Et par un prompt renfort, ils furent plus d’un millier en arrivant au port… d’embarcation. En l’occurrence, celui basé Porte Dauphine, dans le seizième arrondissement de Paris. Anesthésistes, gynécologues, chirurgiens, urologues… Tous s’engouffrent dans la trentaine de cars spécialement affrétés pour l’ « Opération Bruxelles » qui verra, pendant quatre jours, ces spécialistes libéraux s’exiler symboliquement dans la capitale belge. Programmée de longue date, elle entend mettre « en lumière la colère accumulée depuis de longues années de spécialités à responsabilité médicale élevée, indispensables à l’accès aux soins, restées sans revalorisation ni reconnaissance depuis des décennies », rappelle Le Bloc au moment du départ. Une colère exacerbée par les récents débats parlementaires dans le cadre du vote du budget de la Sécurité sociale 2026, « agressifs et injustes envers la médecine libérale ».
Heure du départ : 13 h 35 dans une trentaine de cars
L’horaire est respecté. Il est 13 h 35 lorsque le convoi de la trentaine de cars affrétés spécialement s’ébranle.

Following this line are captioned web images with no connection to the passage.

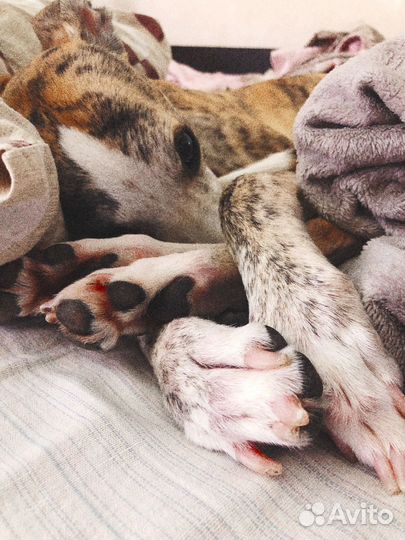 Передержка домашних животных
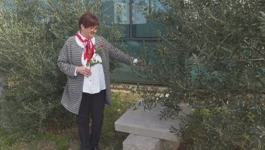 Višnja Žepina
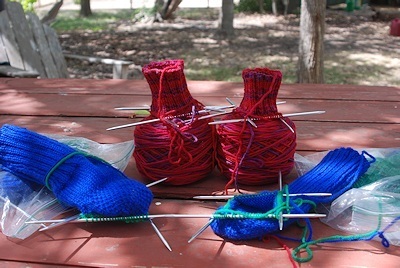 unfinished_royal-and-Indian-paintbrush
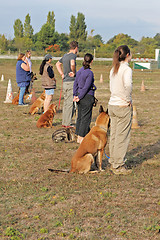 Image showing people with dogs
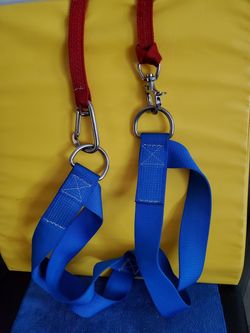 Safety Harness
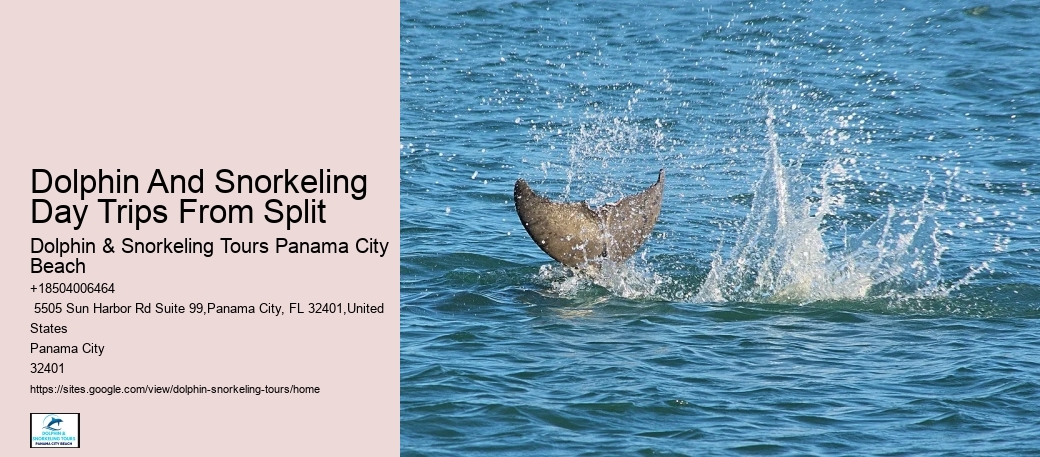 Split Eco-tours Featuring Dolphin Encounters And Snorkeling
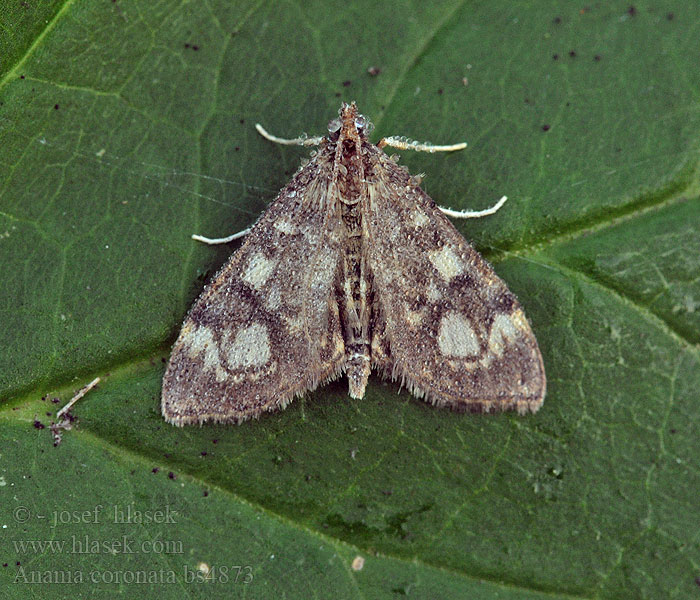 Anania coronata Zavíječ bezový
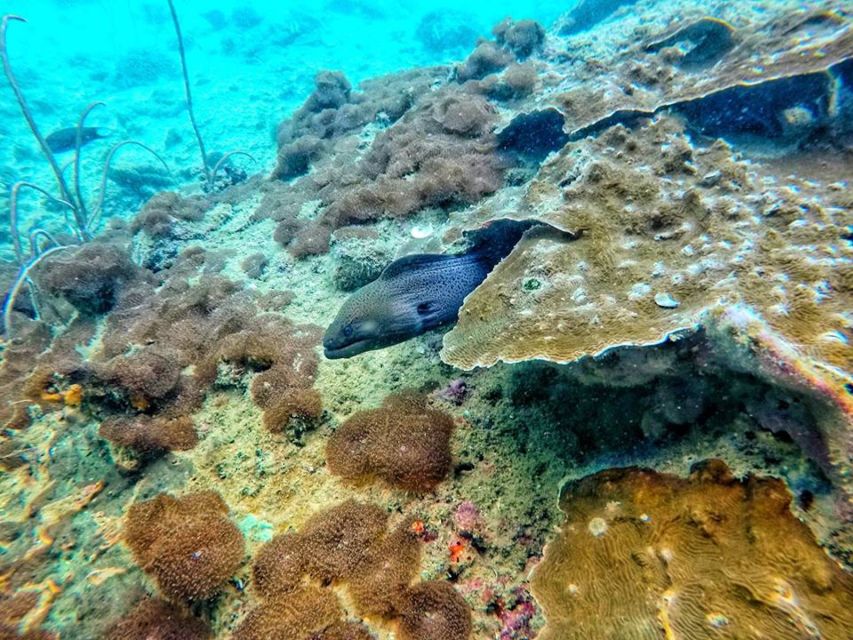 Ko Lanta: 4 Islands Snorkeling Tour by Longtail Boat - Ko Chueak, the first snorkeling stop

Dans le véhicule de tête, dans les cinq minutes qui suivent les premiers tours de roue, le Dr Philippe Cuq, président du syndicat Le Bloc, à l’origine de cette action visant à démontrer l’importance essentielle des spécialités libérales dans le système de soins, se fait gentiment chambrer. « Philippe, c’est quand qu’on s’arrête pour déjeuner ? », lâche un plaisantin qui remporte les rires de l’assistance.
Si l’ambiance est détendue, ce voyage est aussi l’occasion pour certains de ces spécialistes de se rencontrer et d’échanger. Remontant l’allée du car, de petits groupes se forment et dressent le bilan de la grande manifestation nationale de la veille, qui a vu, selon les organisateurs, près de 20 000 praticiens, battre le pavé parisien pour défendre une médecine libérale en danger.
La Dr Justine Cagnat en était. Cette gynécologue de 45 ans qui exerce à Nice, n’a pas hésité à faire le déplacement pour aller manifester. « Un très beau mouvement. Il y avait beaucoup d’unité : généralistes, spécialistes, hospitaliers, libéraux… Tout le monde était réuni », se réjouit-elle. Avant de revenir sur la raison spécifique de son exil bruxellois. « Non seulement la Sécurité sociale nous considère comme des fraudeurs, mais de plus elle peut décider de baisser unilatéralement nos tarifs », cingle la gynécologue qui a choisi de ne pas renouveler son contrat Optam.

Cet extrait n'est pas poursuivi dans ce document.